If you ever grind titanium ... be prepared for some extremely bright white sparks .... wear a face shield or some really dark shades.


----------



## More4dan (Aug 12, 2018)

My traction wheel is on my tension arm too. Most designs I’ve seen are set up that way.  


Sent from my iPhone using Penturners.org mobile app


----------



## Rifleman1776 (Aug 13, 2018)

Neat. You obviously have machinist/mechanical skills. Nice job.


----------



## Skie_M (Aug 13, 2018)

Are you kidding? that's Skiprat .... the inventor of the screw-nut!

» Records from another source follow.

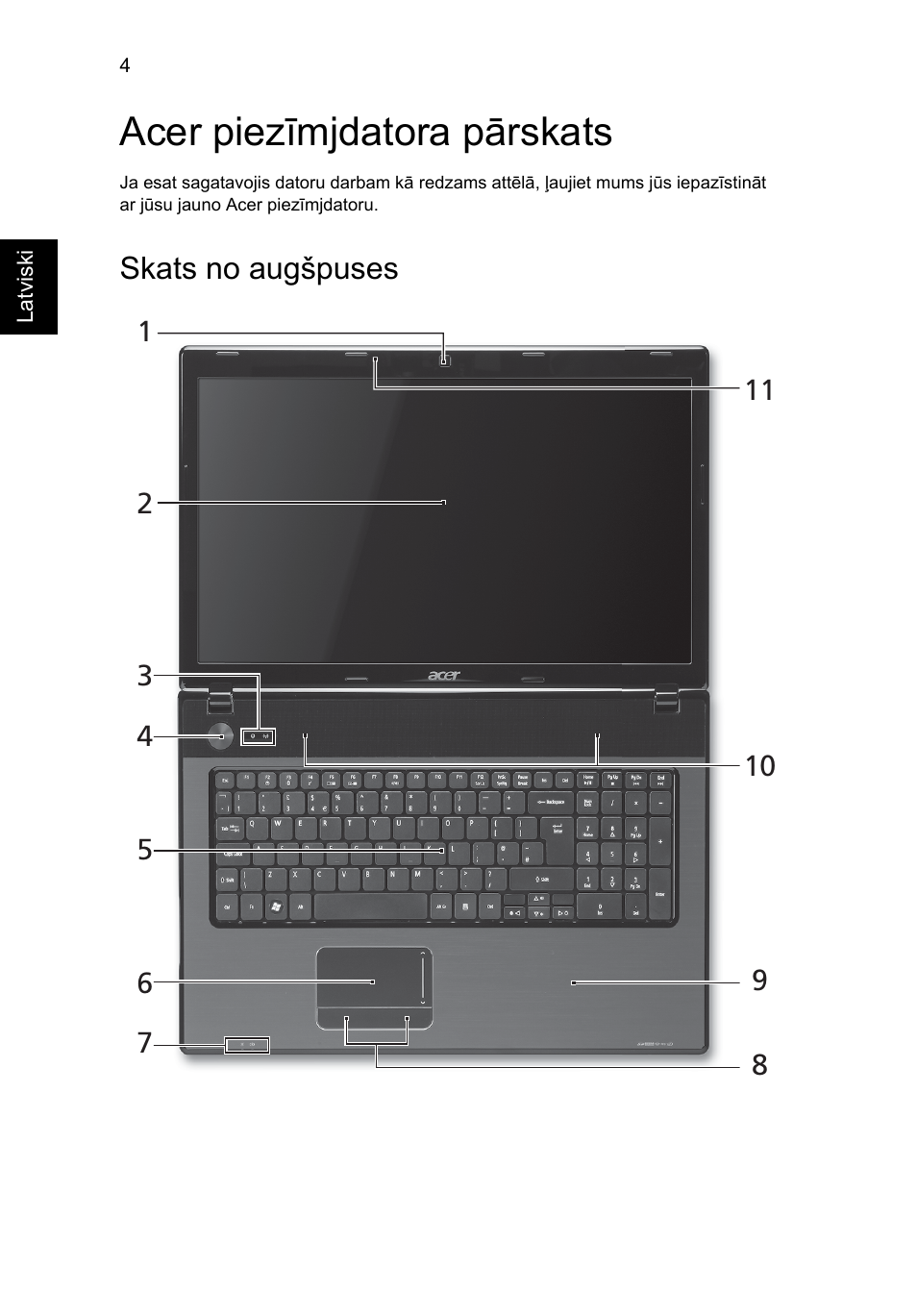 Acer piezīmjdatora pārskats, Skats no augšpuses | Acer Aspire 7741ZG User Manual | Page 218 / 313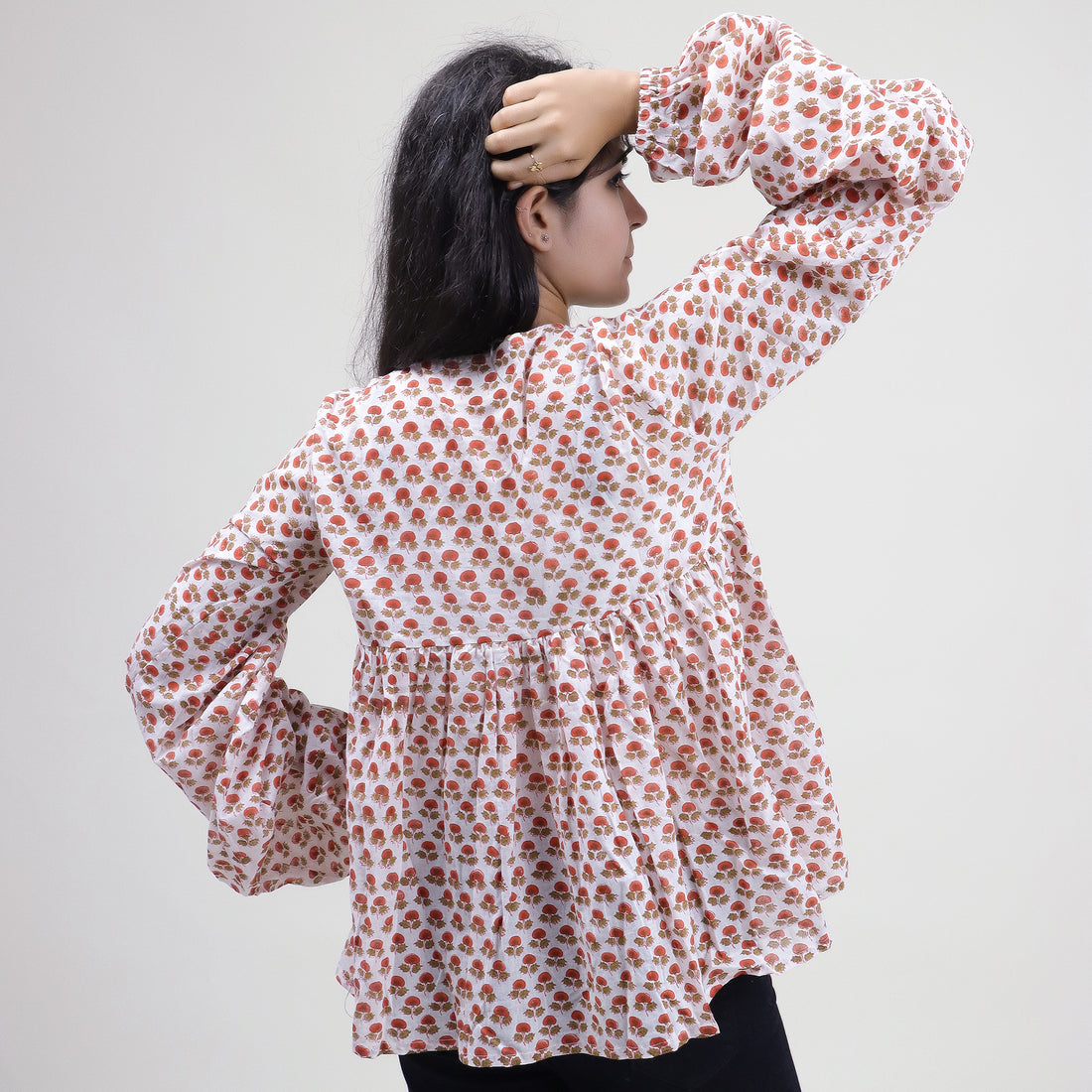 Red Floral Indian V Neck Soft Women&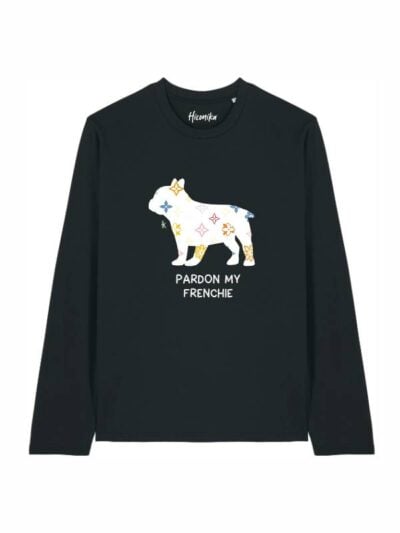 T-shirt Alba manica lunga con un bulldog francese e la scritta “pardon my frenchie” in glitter - TA040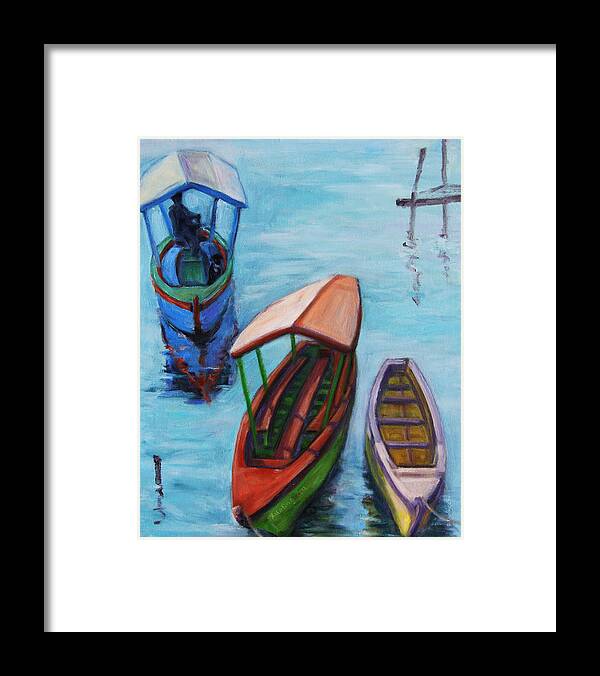 Landscape Framed Print featuring the painting 3 Boats III by Xueling Zou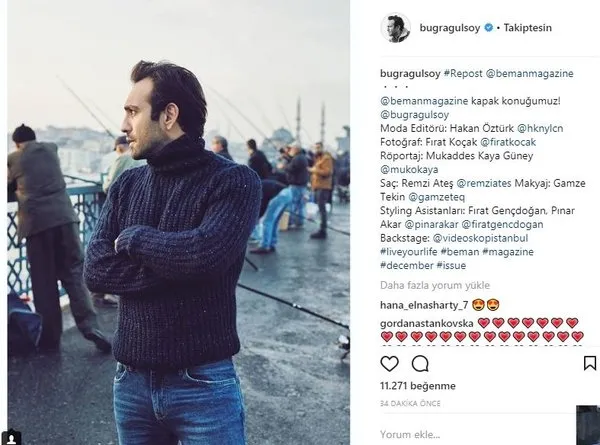 Ünlü isimlerin Instagram paylaşımları (01.12.2017)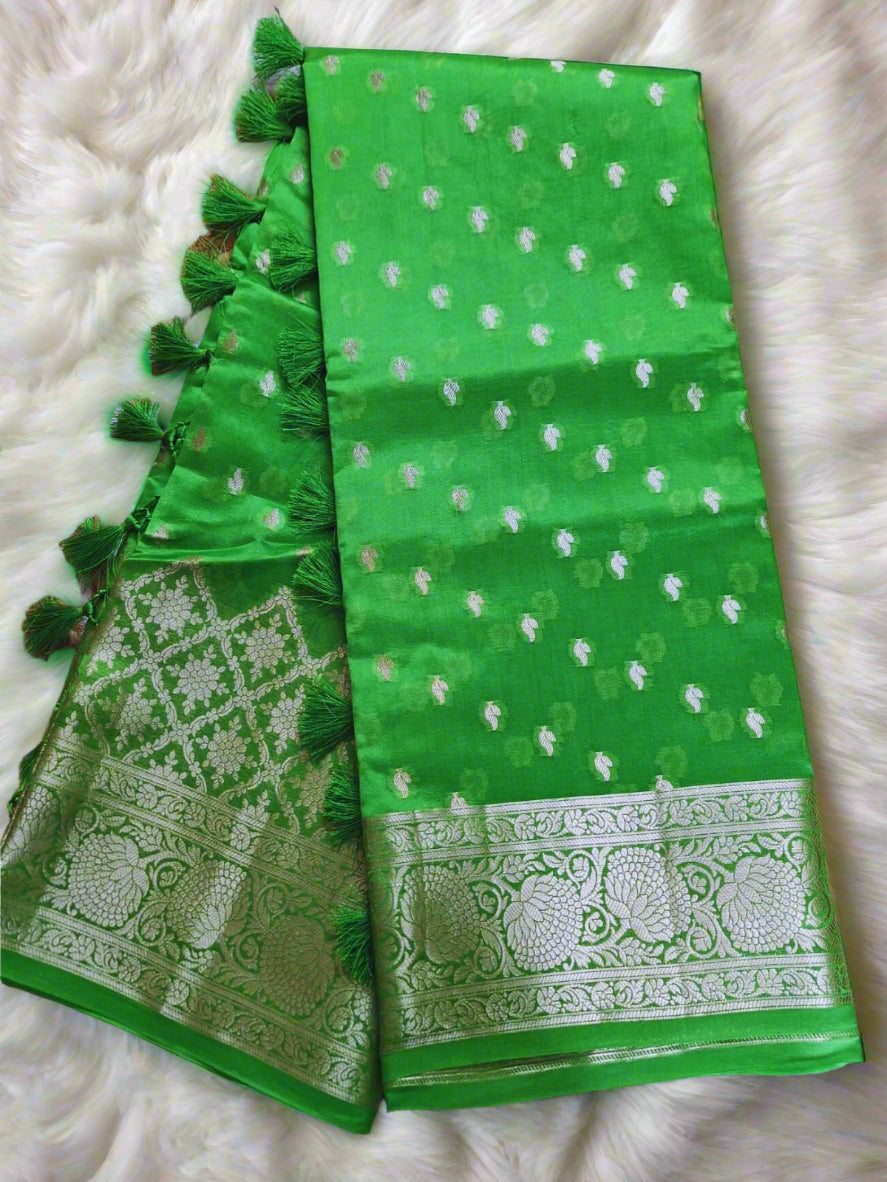 Pure Handloom Banarasi Silk - Parrot Green in light Gold Zari work
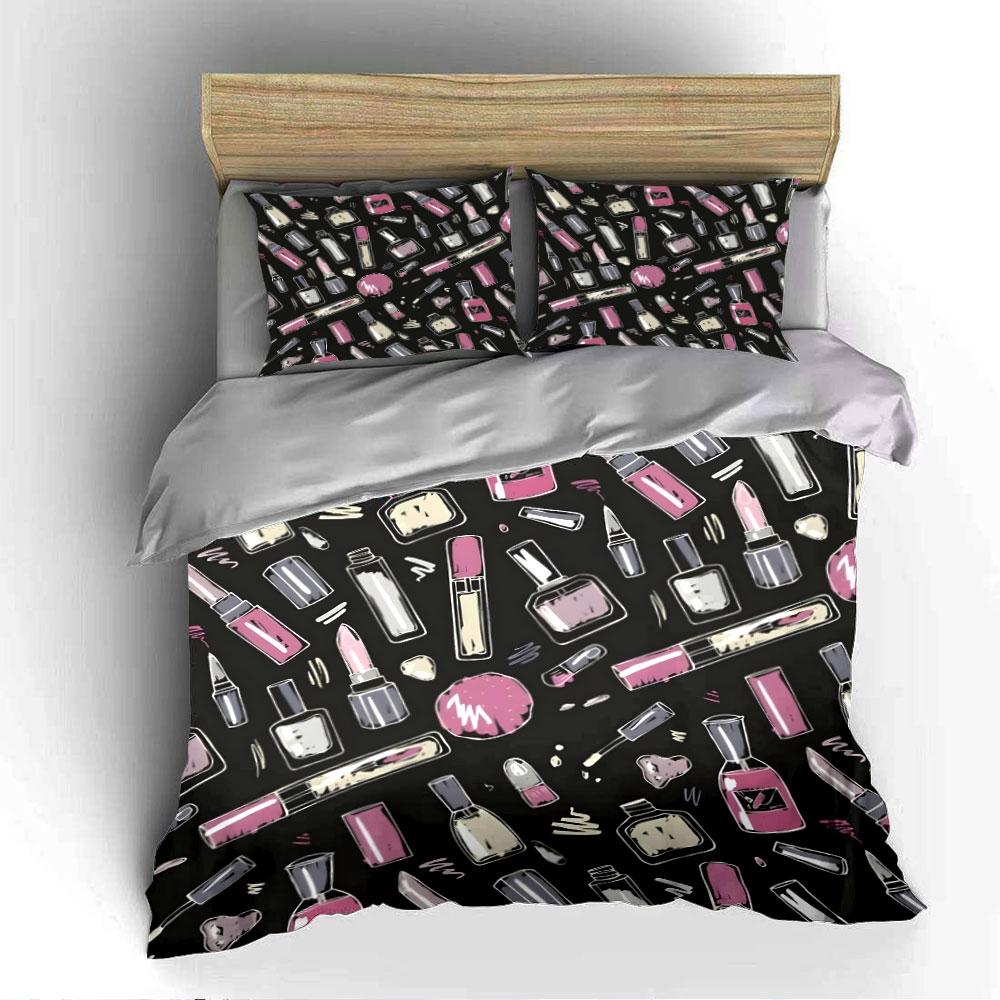 Cosmetic Pattern Bedding Set Bedding Duvet Cover Set Duvet Cover Pillowcases (1 * Duvet Cover 2 * Pillowcases, without duvet insert)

Go on, show him that triple-tapped nut! =D


----------



## mecompco (Aug 13, 2018)

That looks great! I was investigating making one of the no-weld grinders when I was into knife making. However, that all got derailed by this pen turning thing. If you're making knives, one of these is almost a requirement. I did my one and thus far only knife on a 1x30 and lots and lots of hand filing.


----------



## Skie_M (Aug 13, 2018)

Ive done several knives with my 1x30 Harbor Freight sander.  I've even done some short swords ... the main issue with it is trying to find higher grit belts to take care of a lot of the hand sanding work... I've found that sanding with 400 - 600 grit belts puts a pretty good edge on the blade that you can buff the wire edge off of and have a very good cutting edge.


----------



## More4dan (Aug 13, 2018)

mecompco said:


> That looks great! I was investigating making one of the no-weld grinders when I was into knife making. However, that all got derailed by this pen turning thing. If you're making knives, one of these is almost a requirement. I did my one and thus far only knife on a 1x30 and lots and lots of hand filing.





I did the opposite. Started making knives, made the 2 x 72 no weld design. Then got a lathe to make parts for me folders and made a pen.  Not made a knife since, two years now. 


Sent from my iPad using Penturners.org mobile app


----------